**Work order**
Using only the entries below, output the lines starting at the one containing "Aksamitny fotel w" and ending at the one containing "Load image into", exactly and inclusive of both, omitting the pictures.

**Extracted information**
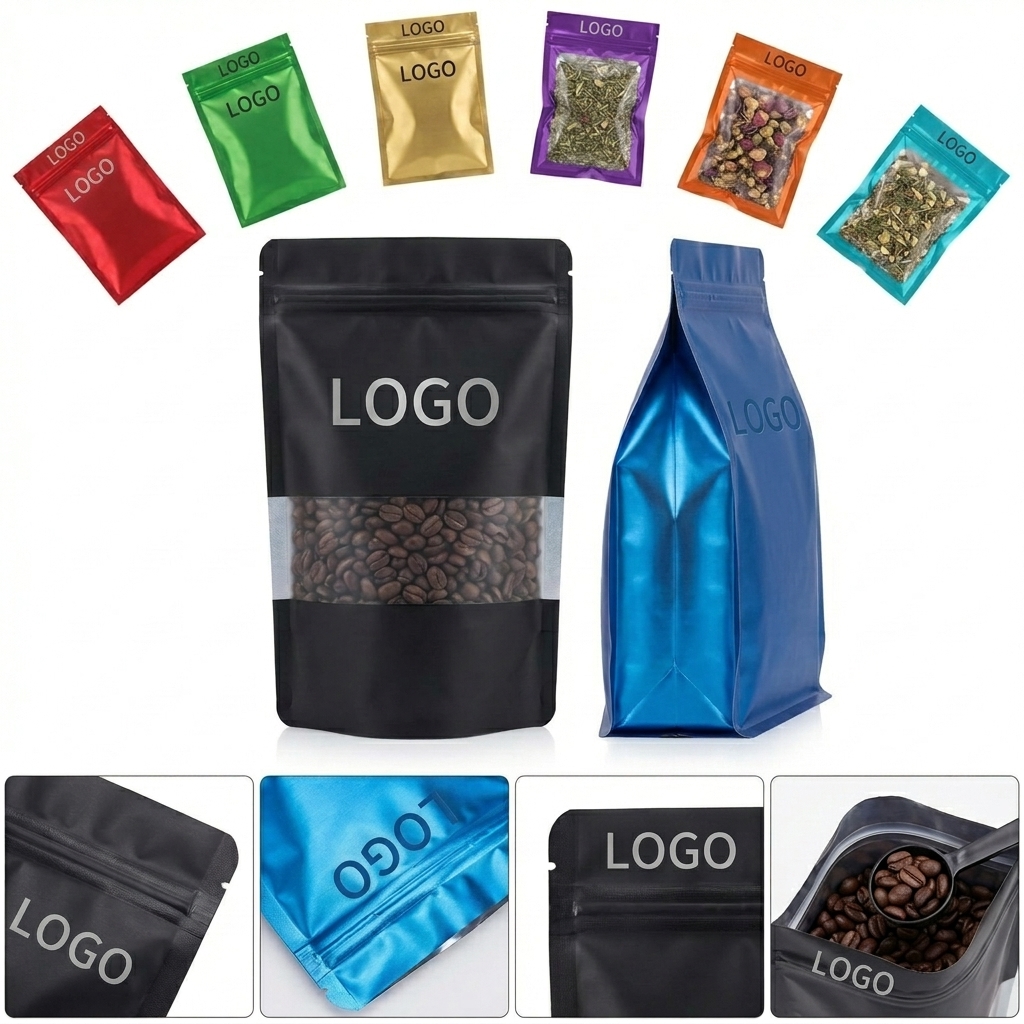 Premium Metallic Finish Storage Pouches with Adhesive Seal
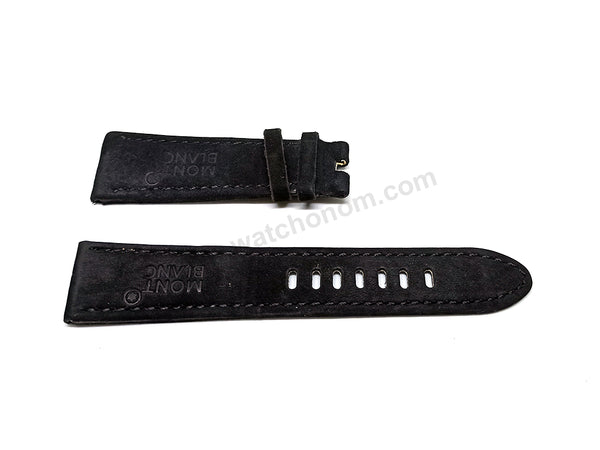 Fits/For MontBlanc FlyBack - 22mm Black Replacement Suede Nucuk Leather Watch Band Strap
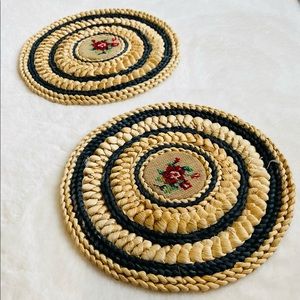 Vintage needlepoint trivets/ wall art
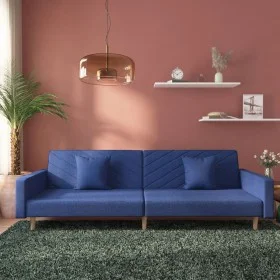 Sofá cama de 2 plazas con dos almohadas tela azul by , Sofas - Ref: Foro24-375904, Price: 276,10 €, Discount: %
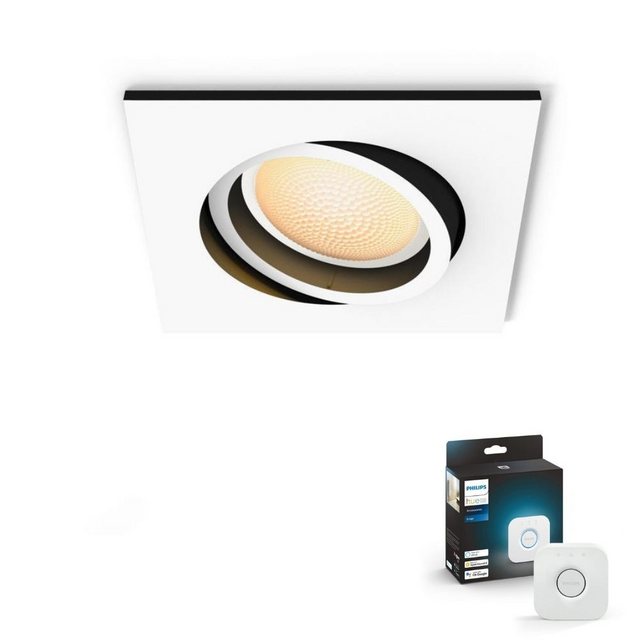 Kunstbaum Bluetooth White Ambiance Einbauspot Milliskin in Weiß 5W 350lm GU10, Philips Hue, Smart Bundles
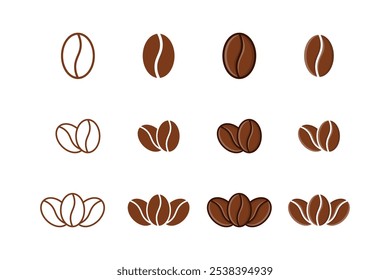 collection of coffee bean icons in outline, flat and outline filled styles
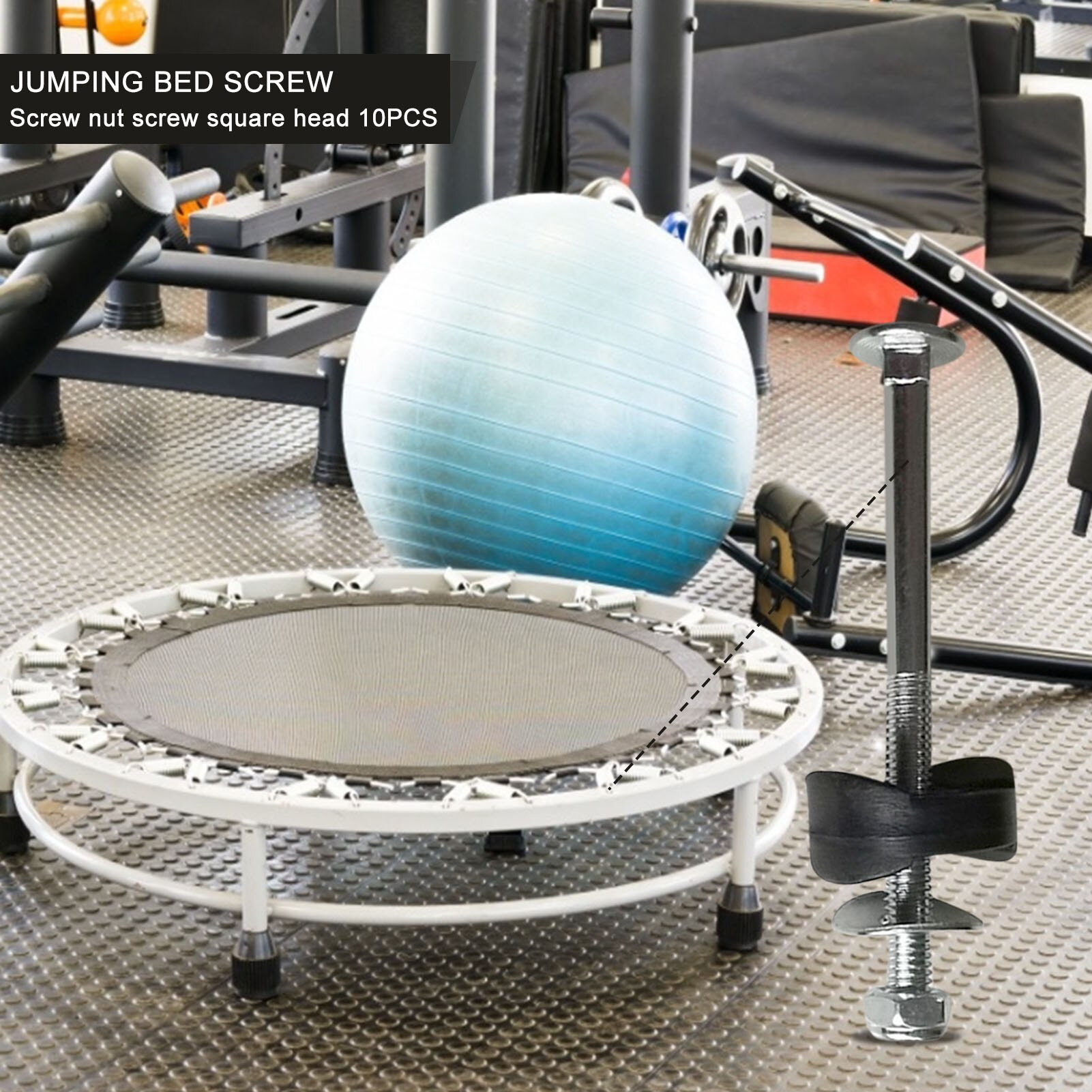 10Pcs Trampoline Springen Bed Vervoer Moer Schroef Vierkante Kop Trampoline Schroeven Gegalvaniseerd Staal Schroef Jump Bed Stabiliteit Te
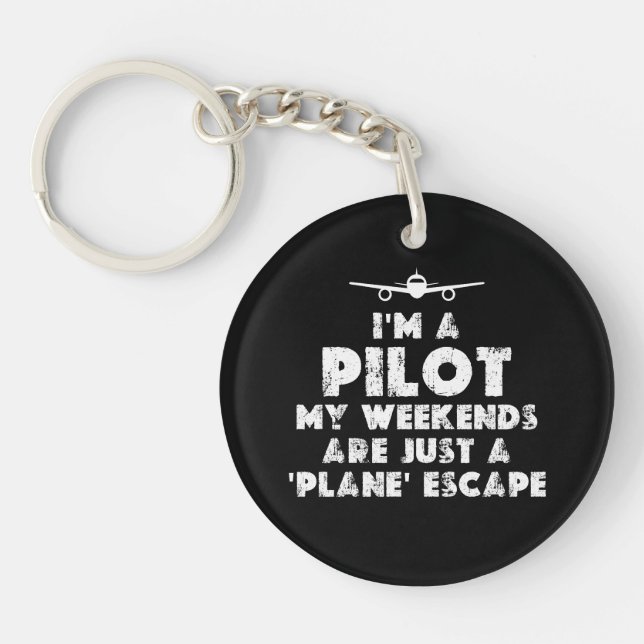 Porte-clefs Je suis un pilote amusant (Devant)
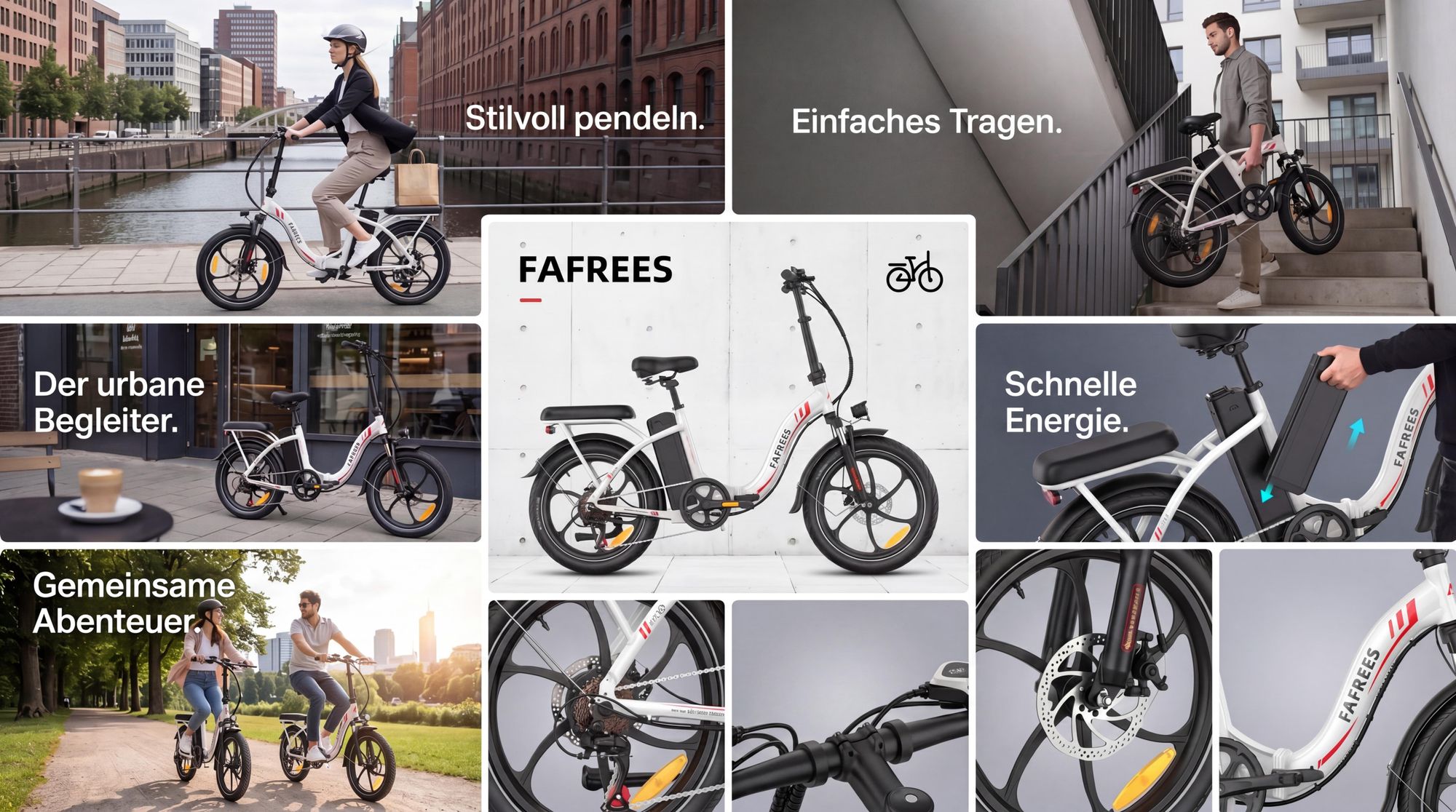 E-Bike Rostfreie Aluminiumlegierung 36 V 20 Ah 720 Wh City e bike 20 Zoll Wasserdicht IP54 bis zu 110 - 150 km mit 7 Gang, Weiß
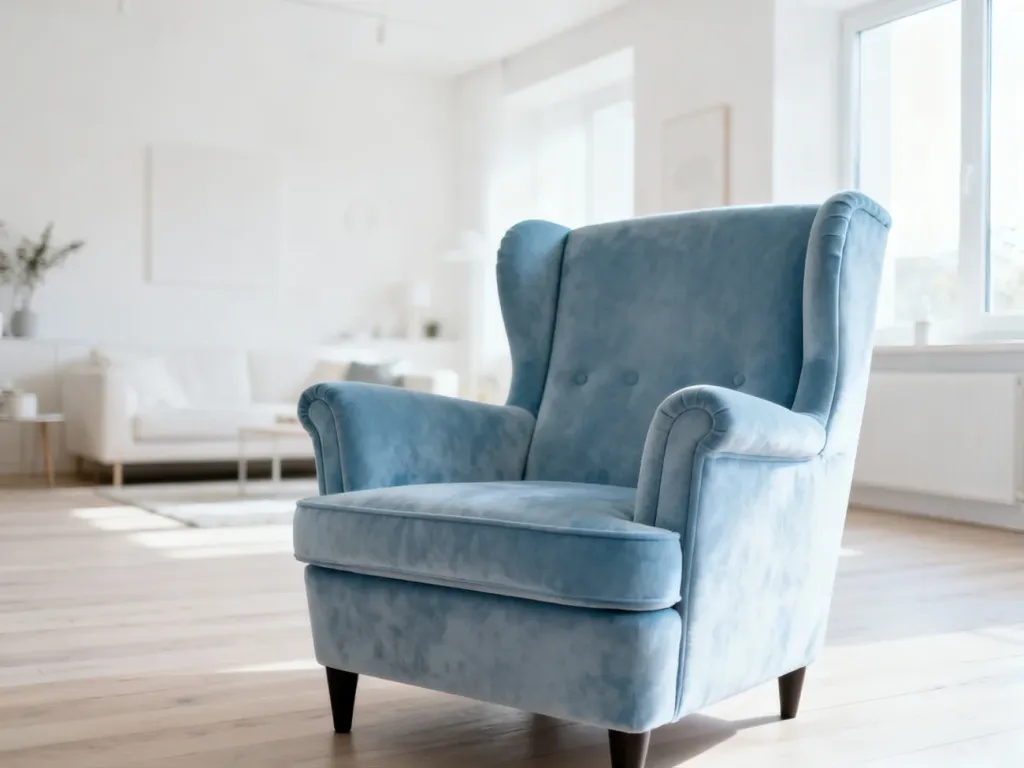 Aksamitny fotel w kolorze baby blue w jasnym, minimalistycznym salonie z naturalnym światłem.
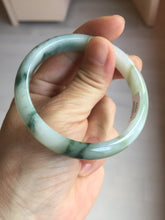 Load image into Gallery viewer, 53.6mm certified natural 100% natural Type A light green/white with green floating flowers jadeite jade bangle BP1-5003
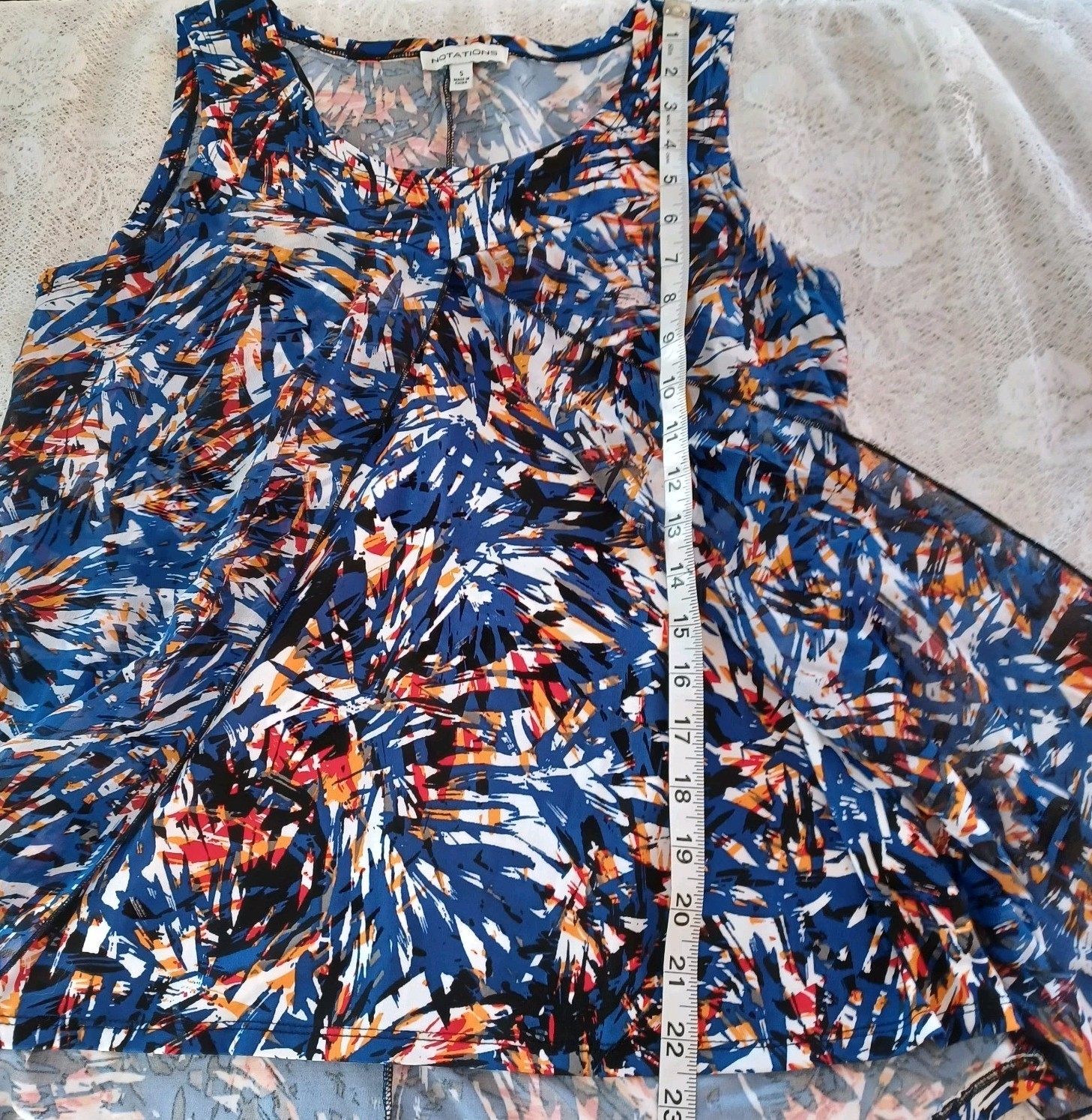 NOTATIONS SLEEVELESS TOP MATCHING PATTERN SPLIT F… - image 11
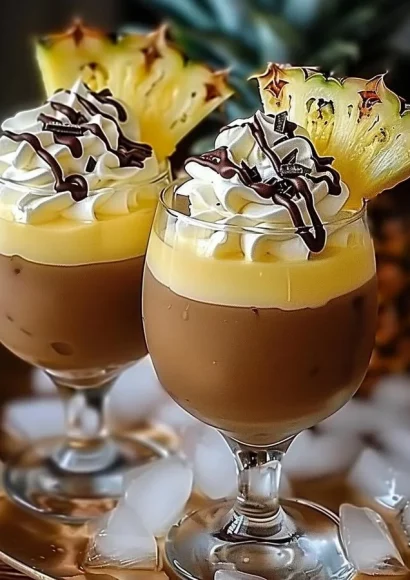 Delicious Chocolate Piña Colada with Kahlua cream frosting in a glass.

**Response**
 Aksamitny fotel w kolorze baby blue w jasnym, minimalistycznym salonie z naturalnym światłem.
 Load image into Gallery viewer, 53.6mm certified natural 100% natural Type A light green/white with green floating flowers jadeite jade bangle BP1-5003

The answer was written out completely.